As the United Nations Security Council prepares to confront the Islamic State, more reports are looking at just how much looting and destruction is taking place there, and the claims about the connection between the illicit antiquities trade continues to receive anecdotal support.
The N.Y. Times reported that a draft resolution is going to be discussed to confront the Islamic State on “oil and antiquities”:
The draft resolution, which was scheduled to be discussed by Council members in a closed meeting Friday afternoon, requires all 193 member states of the United Nations to prevent the sale of antiquities from Syria, similar to a measure the Council passed 10 years ago regarding antiquities from Iraq.
And yesterday the Wall Street Journal reported on the efforts of a group called Heritage for Peace, to document looting and work to combat the illicit trade:
In November, 30 senior members of the group were invited to travel to Turkey for training and technology after attracting the attention of NGOs and foreign governments. Only eight could make the trip because fighting with Islamic State blocked their route. The three-day training session in a secret location close to the Syria-Turkish border was run by Heritage for Peace, or HfP, a Barcelona-based NGO that sees heritage preservation as a way to bring warring parties to the negotiating table.
Leading the instruction was Rene Teijgeler, a Dutch archaeologist and former lieutenant colonel in the Dutch army, who ran heritage preservation operations in Iraq and Afghanistan, and his partner, Isber Sabrine, a Syrian-born archaeologist based in Barcelona.
“We are neutral.

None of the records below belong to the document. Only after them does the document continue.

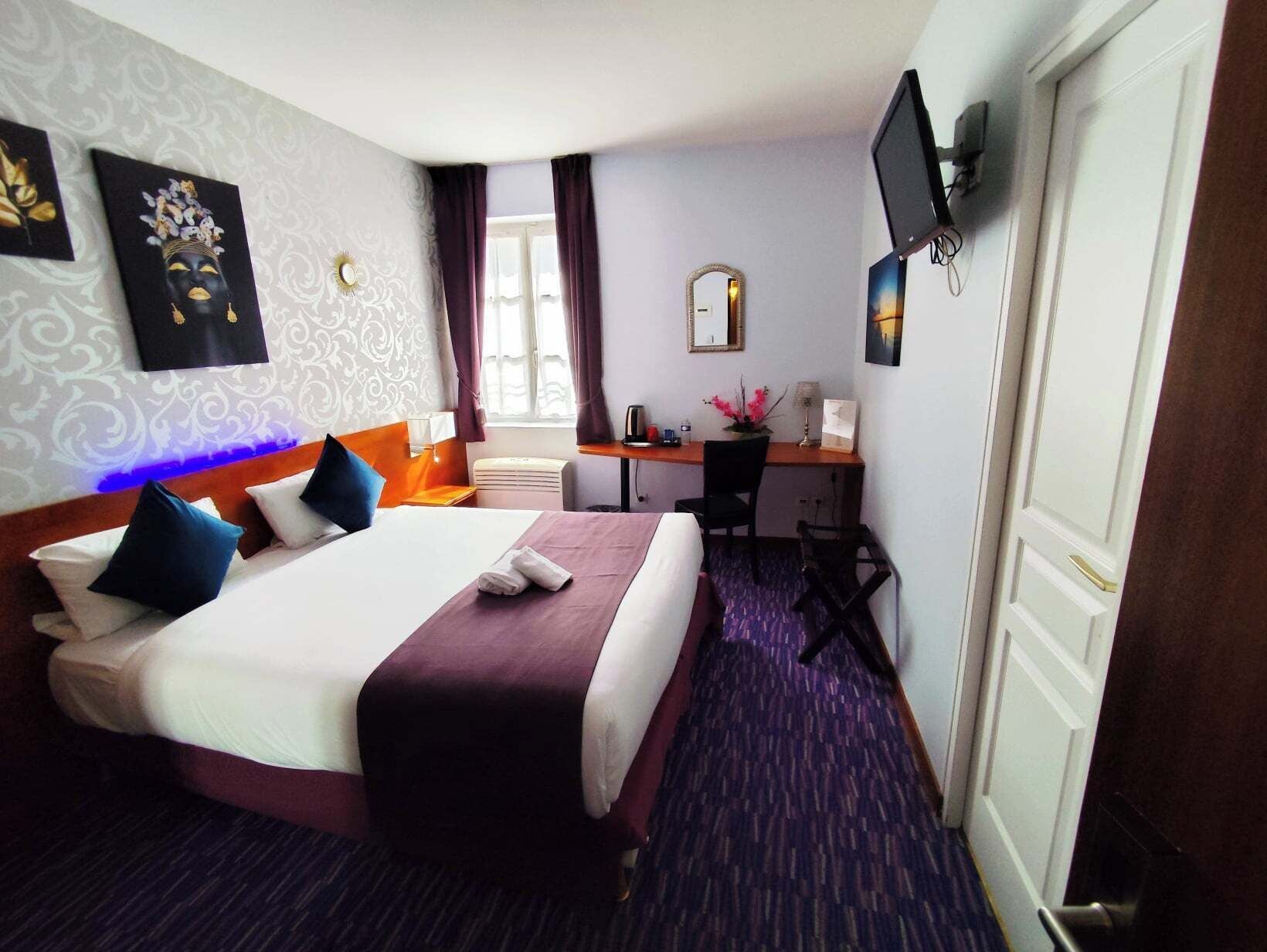 in-room safe, individually decorated, individually furnished, desk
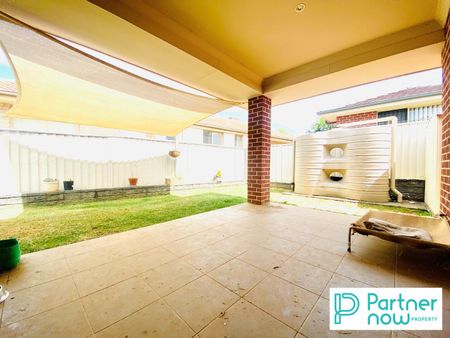 17 Hibiscus Way, TAMWORTH NSW 2340 - Photo 3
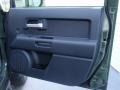 Army Green - FJ Cruiser 4WD Photo No. 17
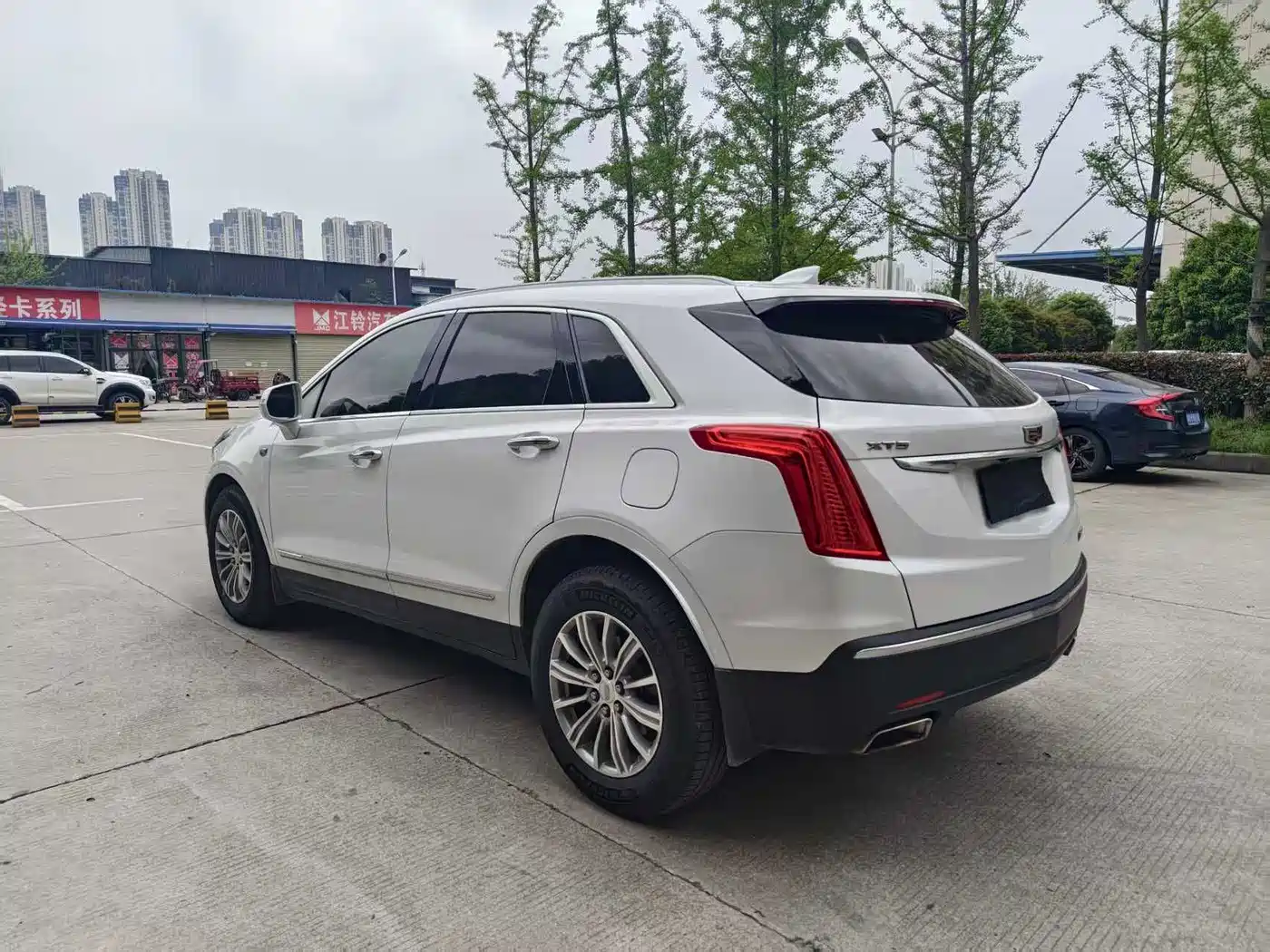 Cadillac XT5 2016 25T Luxury Model фото 9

We adhere to the Red Cross code of conduct and we are very careful about who we operate with,” said Mr. Teijgeler, pulling on a cigarette in a hotel cafe. “We vet them carefully. You don’t want wild cowboys doing crazy things,” he said.
The training, partly funded by the Dutch government, focused on how to uniformly catalog damage at ancient sites like the Roman amphitheater at Palmyra or the crusader castle of Crac des Chevaliers. Trainees were given laptops and cameras with powerful zooms to help improve their work.